People in more than 80 Melbourne suburbs have been told to boil their drinking water after deadly storms that swept across the city also contaminated the water supply.
There were reports of panic buying of bottled water at supermarkets across Melbourne’s east after the warning, which came after a night ofwild weather, which left three people dead – including a four-year-old boy.
The boy suffered critical injuries after being crushed by a tree in suburban Blackburn South on Thursday night. He was rushed to hospital but later died.
The others to be killed were a 59-year-old man, who died after a falling tree smashed onto his car in Melbourne’s east, and a passenger in a ute travelling on the Maroondah Highway, north-east of the city.
The 36-year-old woman was killed when a tree fell onto the ute. The 24-year-old male driver was taken to hospital with minor injuries.
The storms moved across Victoria from the south late on Thursday afternoon. They crossed Melbourne and headed for north-eastern Victoria from late in the afternoon into the night.
- See a full list of affected suburbs here
Damage caused by the storms led to undisinfected water from Silvan Dam, 40 kilometres east of Melbourne, entering the water supply system.
Yarra Valley Water has issued a contaminated water notice for more 88 Melbourne suburbs on Friday. About 250,000 households have been told to boil their tap water before drinking.

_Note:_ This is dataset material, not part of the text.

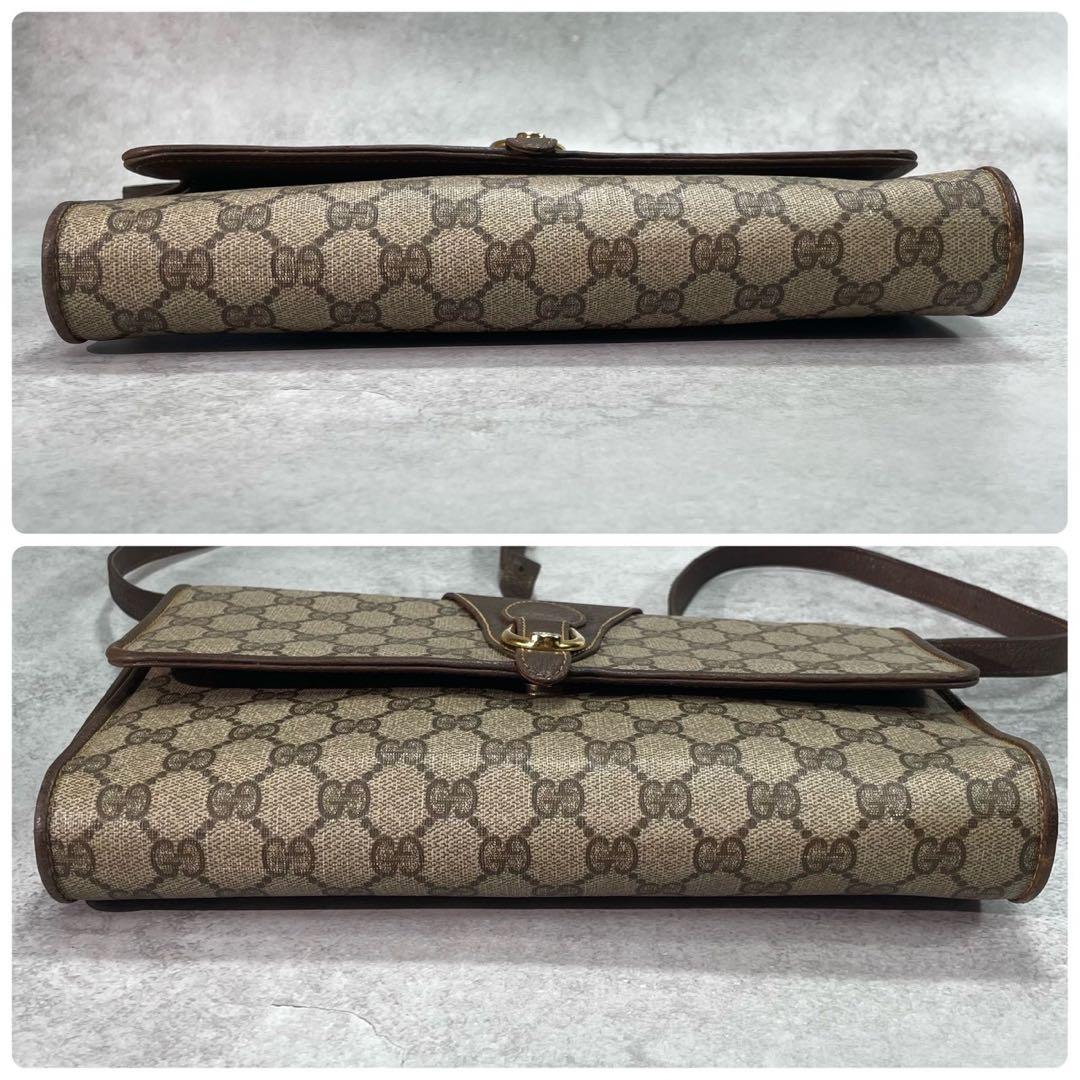 Gucci GG Shoulder Bag Brown Beige Leather — view 8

That sparked a rush on bottled water supplies at many Melbourne supermarkets.
Victoria’s chief health officer Brett Sutton said the water advisory was because some water in the system could not be considered safe after the power outages.
“We do ask households to bring their water to a rolling boil and to use it for all consumption, whether you’re drinking it, using it for brushing teeth, making ice,” he said.
“Just make sure that that water is boiled to a rolling boil before it is used. Obviously let it cool down to make it safe for kids as well.
“It is a very broad boiled water advisory but I hope it is not going to be in place for too long.”
State Emergency Service deputy chief officer Dave Barker told ABC Radio Melbourne it had been “a challenging 18-hour period”.
Mr Barker said suburbs in eastern Melbourne were some of the hardest hit.
“The storm made its way throughout the coastal areas of Victoria, so many parts into Gippsland are impacted,” he said.
Mr Barker said the priority was to move trees off power lines that had fallen across roads.
Premier Daniel Andrews offered his condolences to the families of those killed.
He noted it was “no ordinary storm event”, occurring against the backdrop of strict COVID-19 rules in metropolitan Melbourne and regional Victoria.
To help people to legally render assistance, Victoria’s health department is issuing detailed advice online as the clean-up could take days.
“That is not an invitation for people to do things that don’t need to be done,” Mr Andrews said on Friday.
“But we do recognise … there will be other needs that will need to be met by perhaps a family member.”
More than 95,000 properties suffered power outages when the storm hit.
Wind gusts as high as 124km/h were recorded at Mount Gellibrand, east of Colac in southern Victoria, and 100km/h at Port Fairy, on the state’s south-west coast.
Ausnet said 52,000 customers remained without power in Victoria’s east, and 600 Powercor customers, mostly in the south-west in the Otway Ranges and towards Colac, were also without power.
In the 24 hours to 8.30am, the SES had received more than 2100 calls for help.
Felled trees made up 85 per cent of the calls and 10 per cent were related to building damage.
More strong winds are forecast for Victoria on Sunday.
Meteorologist Chris Arvier said gusts could reach similar levels to those that battered the state on Thursday and trigger another severe weather warning.